Work order
Below are records with pictures. Transcribe exactly, and only, the lines from the line with "Hi, I'm Dr." to the line with "Now on to wiring", both ends included, but not the pictures.

-- Records provided follows --

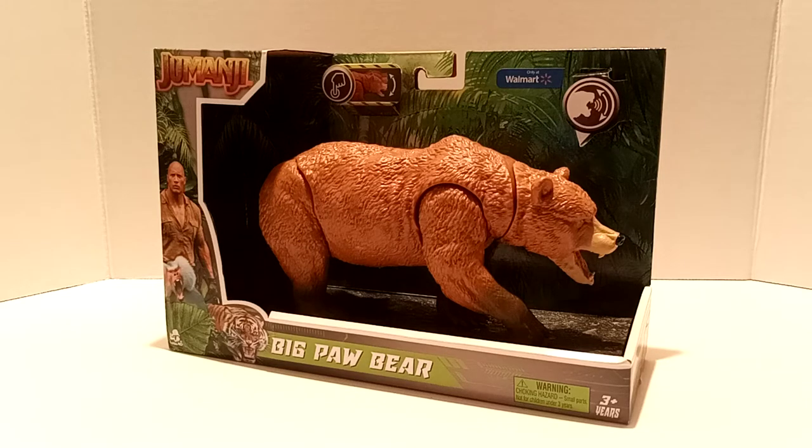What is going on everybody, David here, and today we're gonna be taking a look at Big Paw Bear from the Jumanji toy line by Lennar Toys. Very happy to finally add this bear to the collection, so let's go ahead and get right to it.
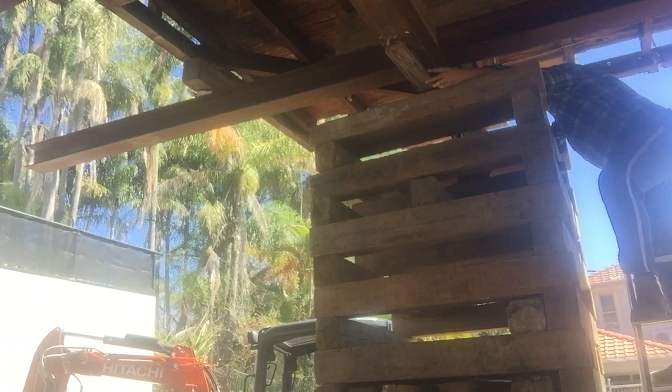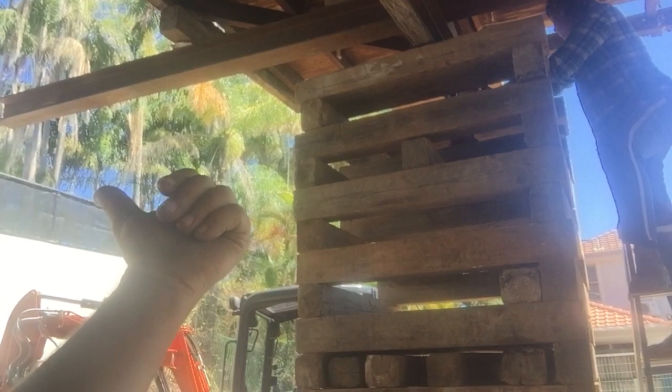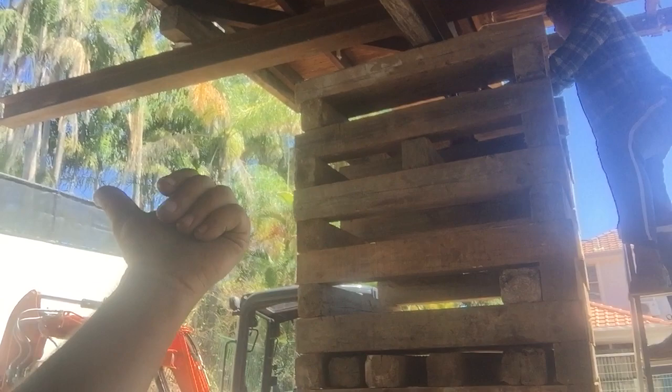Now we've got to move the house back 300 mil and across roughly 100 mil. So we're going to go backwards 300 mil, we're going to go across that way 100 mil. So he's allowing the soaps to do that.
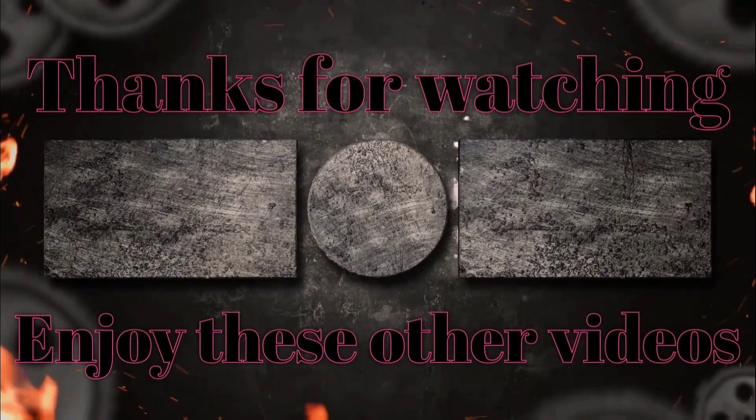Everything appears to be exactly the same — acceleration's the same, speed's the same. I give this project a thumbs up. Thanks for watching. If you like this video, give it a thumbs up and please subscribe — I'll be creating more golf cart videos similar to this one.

-- Records provided concluded --
-- Records provided follows --

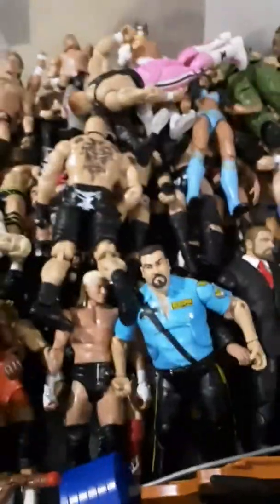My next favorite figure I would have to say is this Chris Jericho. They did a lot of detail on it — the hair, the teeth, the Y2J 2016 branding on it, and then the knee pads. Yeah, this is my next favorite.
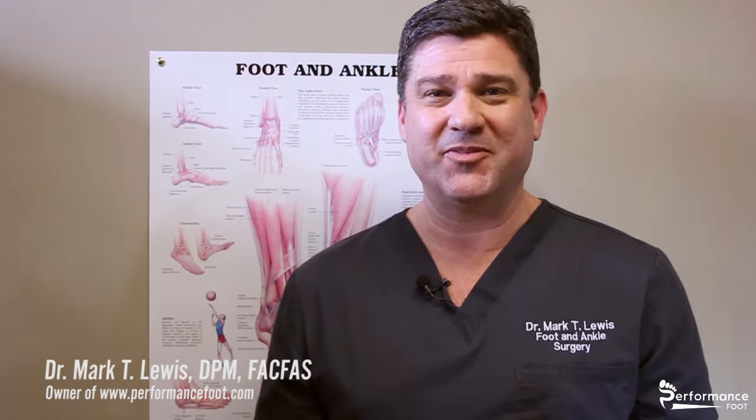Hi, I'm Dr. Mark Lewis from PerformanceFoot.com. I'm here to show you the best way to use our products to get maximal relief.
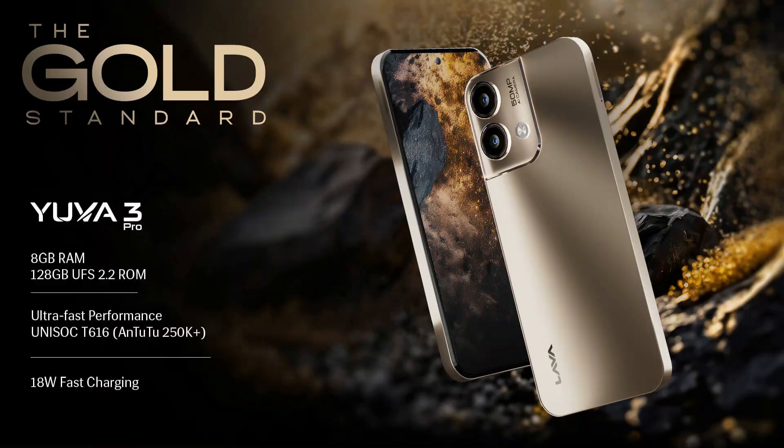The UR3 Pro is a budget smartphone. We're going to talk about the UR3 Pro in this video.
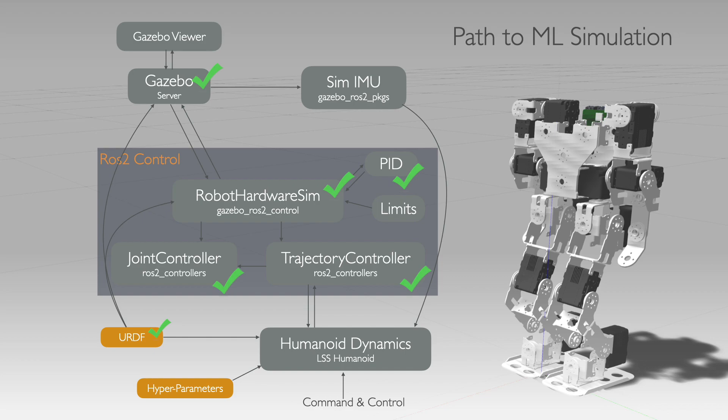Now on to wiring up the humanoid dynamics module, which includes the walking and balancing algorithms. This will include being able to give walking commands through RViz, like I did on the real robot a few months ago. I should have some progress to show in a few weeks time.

-- Records provided concluded --

Written solution
Hi, I'm Dr. Mark Lewis from PerformanceFoot.com. I'm here to show you the best way to use our products to get maximal relief.
The UR3 Pro is a budget smartphone. We're going to talk about the UR3 Pro in this video.
Now on to wiring up the humanoid dynamics module, which includes the walking and balancing algorithms. This will include being able to give walking commands through RViz, like I did on the real robot a few months ago. I should have some progress to show in a few weeks time.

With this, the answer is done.